RFE/RL Armenian Report – 11/04/2021

                                        Thursday, November 4, 2021


Azerbaijan Found Guilty In 2014 Deaths Of Armenian Captives
November 04, 2021
        • Robert Zargarian

FRANCE – The building of the European Court of Human Rights in Strasbourg, 
September 11, 2019


The European Court of Human Rights (ECHR) has found Azerbaijani authorities 
guilty of torturing two residents of Armenian border villages who died after 
crossing into Azerbaijan in 2014.

In separate rulings announced on Thursday, the ECHR ordered Baku to pay the 
families of Karen Petrosian and Mamikon Khojoyan a total of 80,000 euros 
($92,000) in damages.

Petrosian, a 33-year-old villager from Tavush province bordering Azerbaijan, 
crossed the frontier for unclear reasons in August 2014. He was first spotted by 
residents of an Azerbaijani border village and then detained by the Azerbaijani 
military. Petrosian was accused of being part of an Armenian “sabotage group” 
that tried to infiltrate Azerbaijan.

Petrosian was pronounced dead the following day. Baku claimed that he died of 
“acute heart failure.”

The Armenian authorities rejected the claim, saying that Petrosian was murdered 
or beaten to death. The United States and France expressed serious concern at 
the man’s suspicious death and called on Baku to conduct an objective 
investigation.


Azerbaijan - Azerbaijan soldiers escort Karen Petrosian, an Armenian villager 
who crossed into Azerbaijan, 7Aug2014

The 77-year-old Khojoyan, who lived in another Tavush village, was detained in a 
nearby Azerbaijani settlement in January 2014. Baku claimed that he was an armed 
guide of an Armenian sabotage group that tried to carry out a cross-border 
incursion. Yerevan laughed off the claim, saying that the elderly man strayed 
into Azerbaijani territory by accident.

Khojoyan was freed and repatriated in March 2014. He died more than two months 
later. Armenian doctors said he suffered serious injuries during his captivity.
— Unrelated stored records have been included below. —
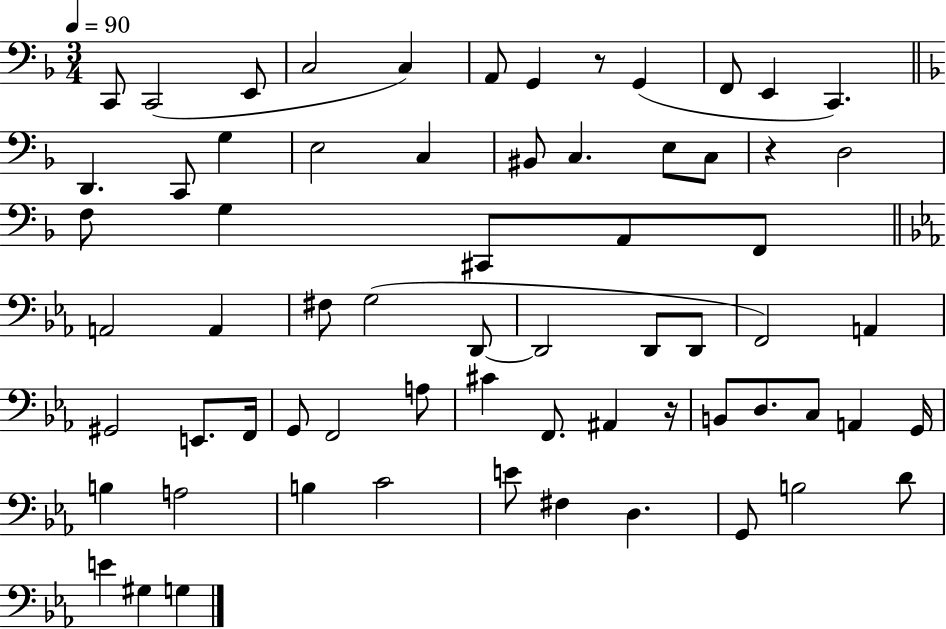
{
  \clef bass
  \numericTimeSignature
  \time 3/4
  \key f \major
  \tempo 4 = 90
  c,8 c,2( e,8 | c2 c4) | a,8 g,4 r8 g,4( | f,8 e,4 c,4.) | \break \bar "||" \break \key f \major d,4. c,8 g4 | e2 c4 | bis,8 c4. e8 c8 | r4 d2 | \break f8 g4 cis,8 a,8 f,8 | \bar "||" \break \key ees \major a,2 a,4 | fis8 g2( d,8~~ | d,2 d,8 d,8 | f,2) a,4 | \break gis,2 e,8. f,16 | g,8 f,2 a8 | cis'4 f,8. ais,4 r16 | b,8 d8. c8 a,4 g,16 | \break b4 a2 | b4 c'2 | e'8 fis4 d4. | g,8 b2 d'8 | \break e'4 gis4 g4 | \bar "|."
}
The ECHR ruled that in both cases Azerbaijan violated articles of the European 
Convention on Human Rights that guarantee people’s right to life and prohibit 
torture. It said that Petrosian and Khojoyan were subjected to violence in 
Azerbaijani custody.

The Azerbaijani government did not immediately react to the rulings. It can 
appeal against them in the ECHR Grand Chamber.


Armenia - Mamikon Khojoyan, a 77-year-old villager detained and later freed by 
Azerbaijan, is treated at a hospital in Ijevan, 5Mar2014.

In January 2020, the Strasbourg-based court handed down a similar verdict on an 
appeal lodged by the parents of Manvel Saribekian, a 20-year-old resident of 
another Armenian border village who was detained Azerbaijan in September 2010.

Azerbaijani authorities paraded Saribekian on national television, saying that 
he was trained by an Armenian commando unit and sent to Azerbaijan to carry out 
terrorist attacks. Saribekian’s family strongly denied the allegations, 
insisting that he accidentally crossed the border while grazing cattle.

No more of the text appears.